*** Block opens ***
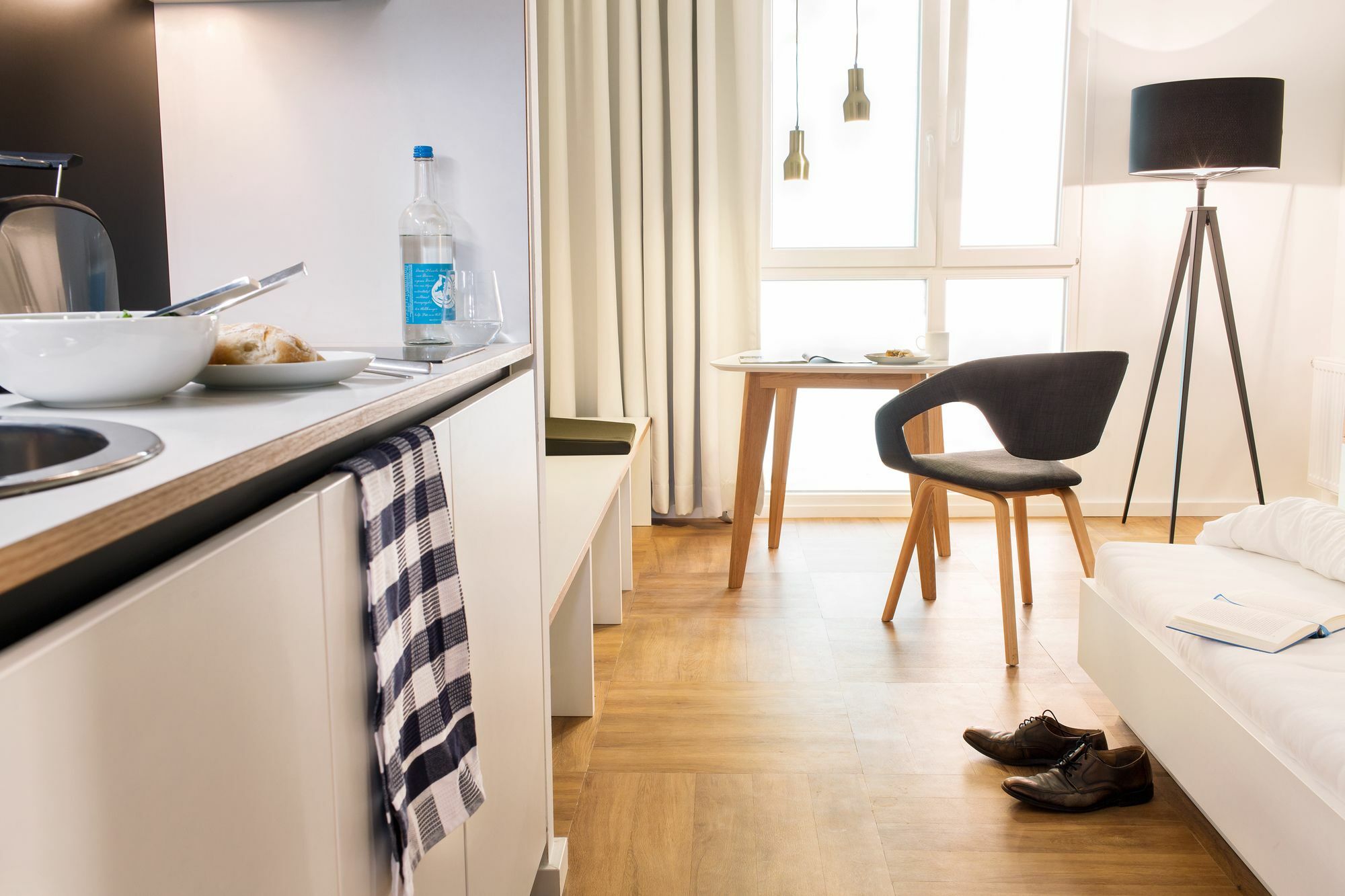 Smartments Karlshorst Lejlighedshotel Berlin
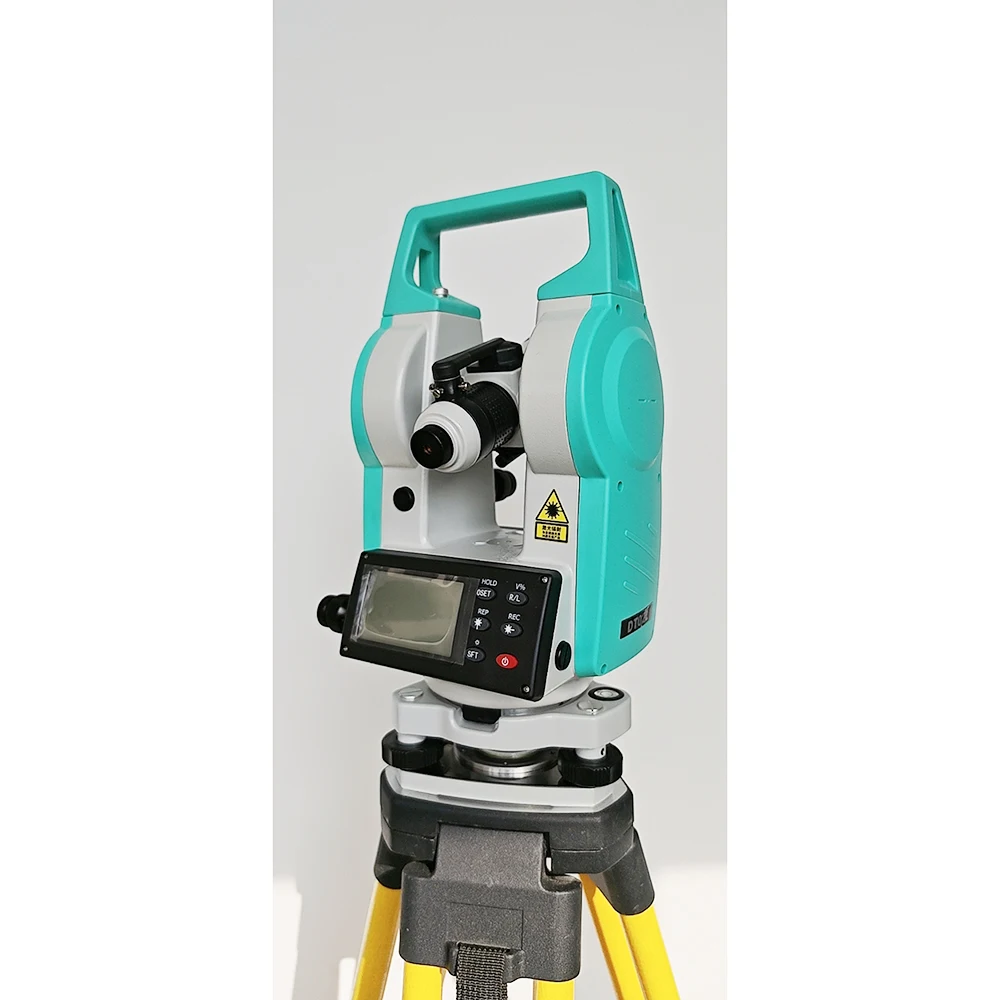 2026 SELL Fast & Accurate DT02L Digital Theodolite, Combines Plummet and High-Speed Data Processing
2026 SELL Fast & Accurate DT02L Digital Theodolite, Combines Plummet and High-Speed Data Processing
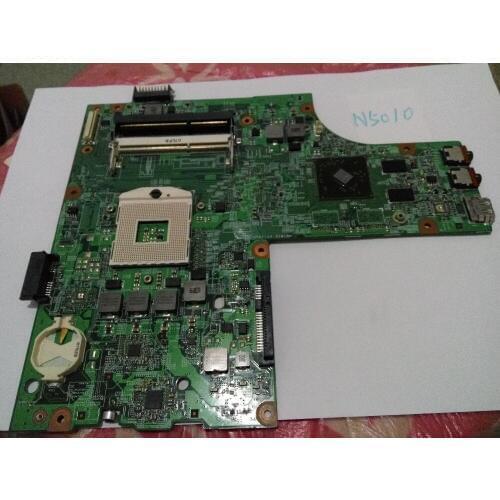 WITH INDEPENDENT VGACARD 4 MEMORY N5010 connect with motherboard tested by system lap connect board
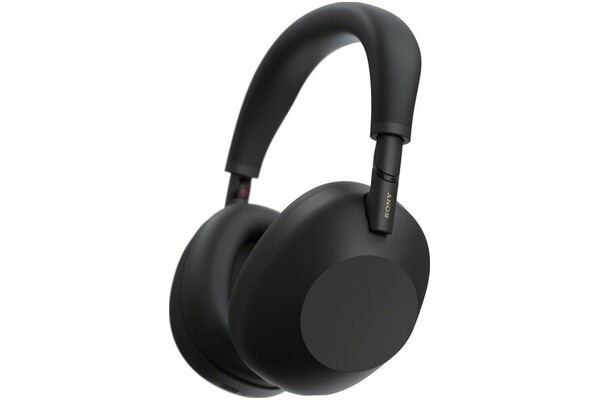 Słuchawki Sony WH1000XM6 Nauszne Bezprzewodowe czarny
*** Block closes ***
» WHAT YOU WILL DO:
Transcribe every entry word for word, but omit the pictures.

» YOUR RESPONSE:
 Smartments Karlshorst Lejlighedshotel Berlin
 2026 SELL Fast & Accurate DT02L Digital Theodolite, Combines Plummet and High-Speed Data Processing
2026 SELL Fast & Accurate DT02L Digital Theodolite, Combines Plummet and High-Speed Data Processing
 WITH INDEPENDENT VGACARD 4 MEMORY N5010 connect with motherboard tested by system lap connect board
 Słuchawki Sony WH1000XM6 Nauszne Bezprzewodowe czarny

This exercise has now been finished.